Ross KILPATRICK Euripides’ Alcestis and the “Aldobrandini Wedding”

In 1601 the “Aldobrandini Wedding” fresco was cut from the reticulate masonry of a late 1s t - century BC Roman house near the Arch of Gallienus on the Esquiline. It remained in the possession of the Aldobrandini family until purchased for theVatican in 1818. (The Sala delle Nozze Aldobrandini, which also contains the Paesaggi dell’ Odissea frescoes, is presently closed for restorations.) This was one of a few examples of Hellenistic wall-painting known before the excavations in Campania. Two separate monographs on the scholarship and documents relating to the discovery of the fresco, its interpretations, and its many copies and imitations, were published in 1994 by Giulia Fusconi (Vatican) and Frank Müller (Amsterdam).

Accepted “wedding”- interpretations of the picture (e.g. Peleus and Thetis [Winckelmann] or Alexander and Roxanne [Dutens]) were not challenged until 1994, when Müller argued for a scene from Euripides’ Hippolytus. Reactions to Müller’s theory have been mixed, for the details of the picture do not always accord well with the text of the Hippolytus, nor with ancient representations of the theme in painting and sculpture.
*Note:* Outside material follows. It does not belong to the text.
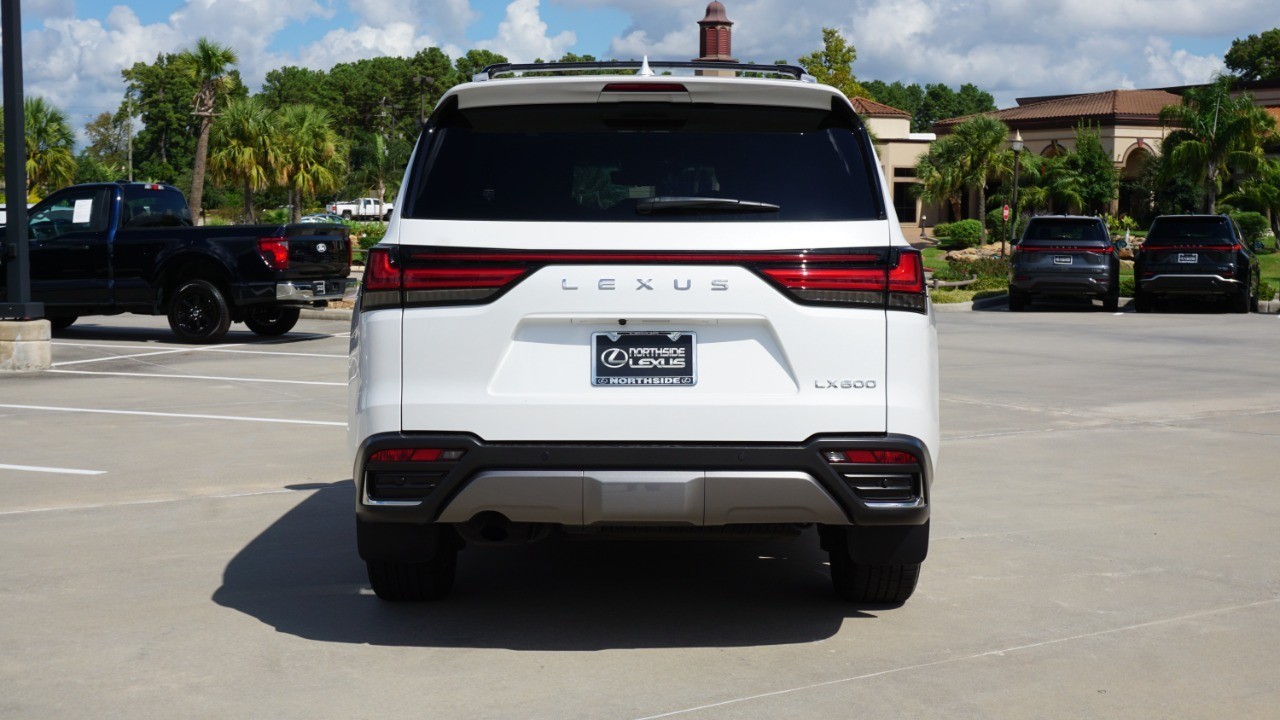 2023 Lexus LX 600 Ultra Luxury photo 7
Accord with Euripides’ Alcestis, however, is better supported by both the text of the play and by ancient reliefs and vase-paintings representing scenes of Alcestis’ final moments and of the intervention of Admetus’ intoxicated house-guest, Heracles.

This paper examines four passages from Alcestis as clues to the meaning of the “Aldobrandini Wedding”: Parodos (77-135) where Alcestis is dying; first Episodion (158-195), where a maid tells how Alcestis bathed and dressed, prayed to Hestia, visited the palace altars with myrtle and prayers, then fell on her bed again in tears; second Stasimon, where it is prophesied (445-447) that mousopoloi would one day hymn the virtues of Alcestis with the seven-toned mountain-tortoise lyre and in lyreless song; fourth Episodion, where the intoxicated and garlanded Heracles (747-860) revels by himself in the guest-wing, deceived by Admetus about who has died. Evidence from Plato’s Symposium, and from sarcophagus reliefs and vase paintings presenting the story of Alcestis will also be considered.


F. Cappelletti and C. Volpi, trans. Charles Hope.“New Documents Concerning the Discovery and Early History of the Nozze Aldobrandini.” Journal of the Warbourg and Courtauld Institutes 61(1993): 274-279.
Giulia Fusconi. La Fortuna delle ‘Nozze Aldobrandini.’ Dall’ Esquilino alla Biblioteca Vaticana. Città del Vaticano: Biblioteca Apostolica Vaticana, 1994.
Ross S. Kilpatrick. “When a God Contrives. Divine Providence in Alcestis and Ajax.” Dionysius 10 (1986): 3-20.
Frank G.J.M. Müller. The Aldobrandini Wedding. Iconological Studies in Ancient Art III. Amsterdam: J.C. Gieben, 1994.